Task directions ▸
Only the lines from the one containing "Kontrole przeprowadzane przez" through the end of the data below are to be repeated, exactly as given, without pictures.

Data ▸
• • • • • • •

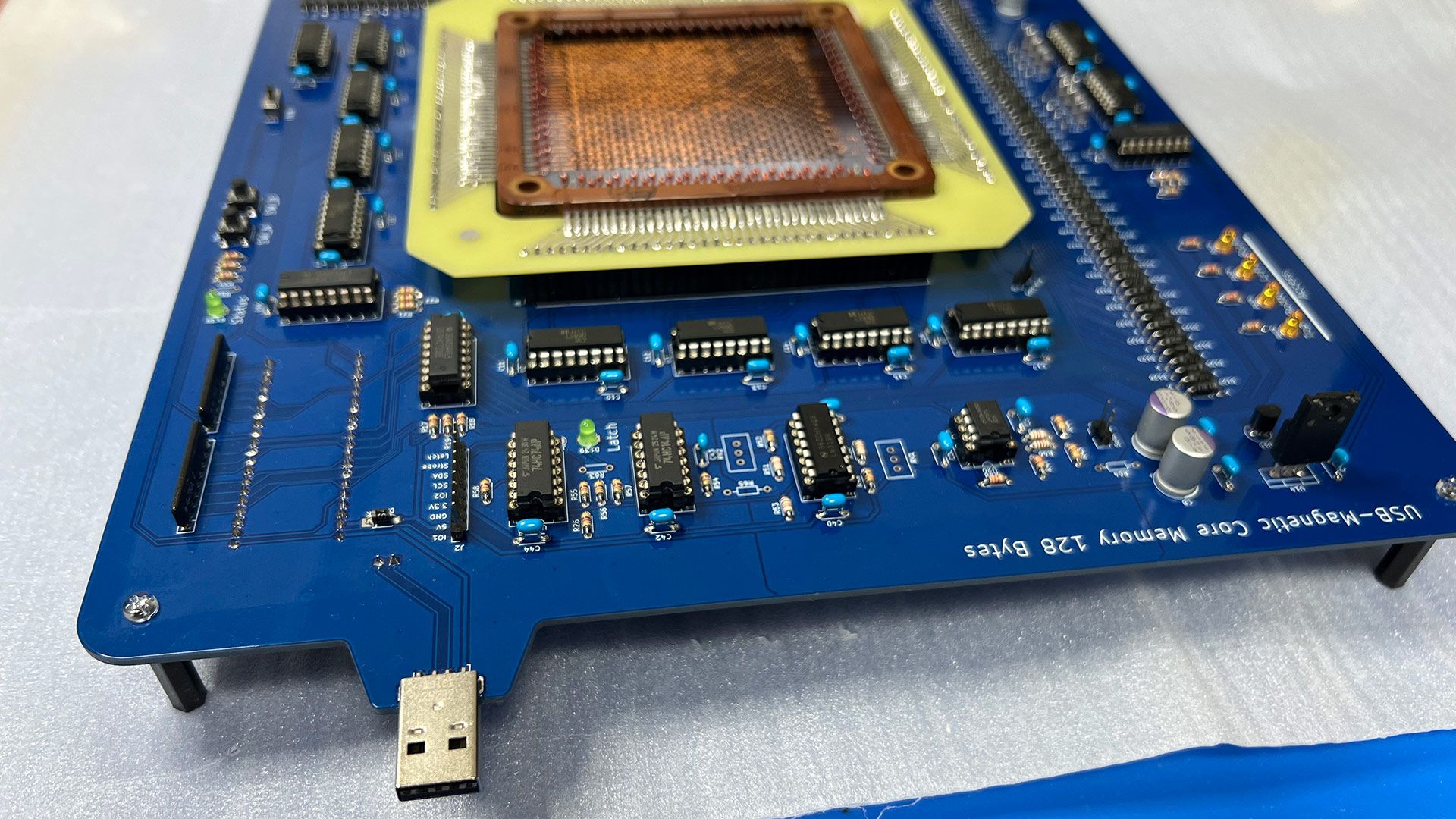 Researcher builds bizarre 128-byte USB drive the size of a dinner plate using ancient pre-semiconductor magnetic core memory technology — data disappears once i Researcher builds bizarre 128-byte USB drive the size of a dinner plate using ancient pre-semiconductor magnetic core memory technology — data disappears once i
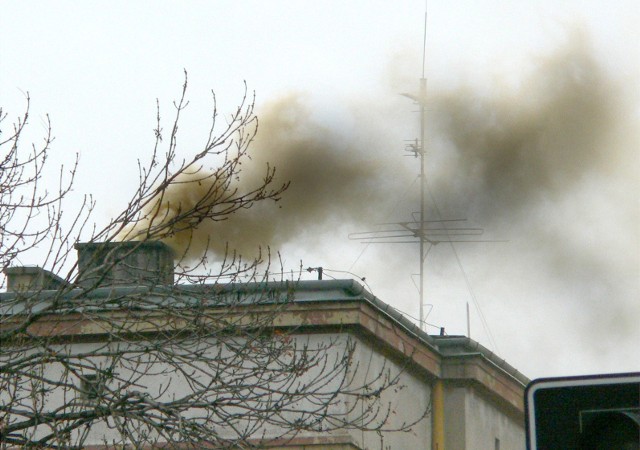 Kontrole przeprowadzane przez Straż Miejską w Radomiu wykazują, że zanieczyszczenia powietrza pochodzą w Radomiu nie tyle ze spalania toksycznych odpadów, co używania złej jakości węgla.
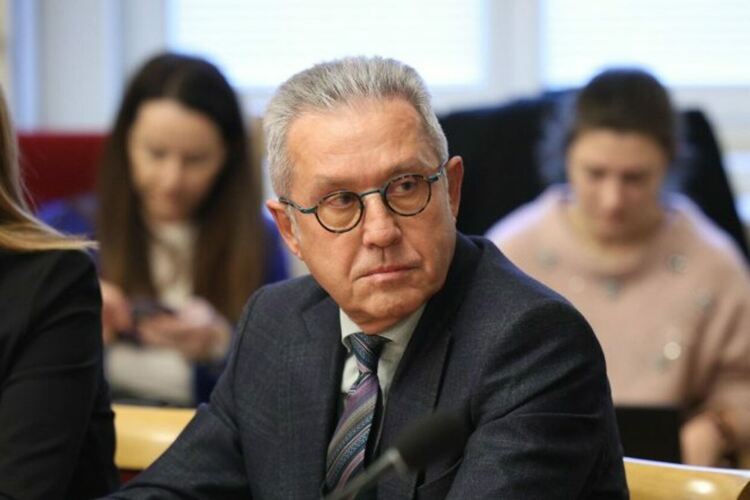 НС за втори път спря Пеевски и Алибегов за 9% ДДС за ресторантите, Йордан Цонев не се отказва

• • • • • • •

Exercise output ▸
 Kontrole przeprowadzane przez Straż Miejską w Radomiu wykazują, że zanieczyszczenia powietrza pochodzą w Radomiu nie tyle ze spalania toksycznych odpadów, co używania złej jakości węgla.
 НС за втори път спря Пеевски и Алибегов за 9% ДДС за ресторантите, Йордан Цонев не се отказва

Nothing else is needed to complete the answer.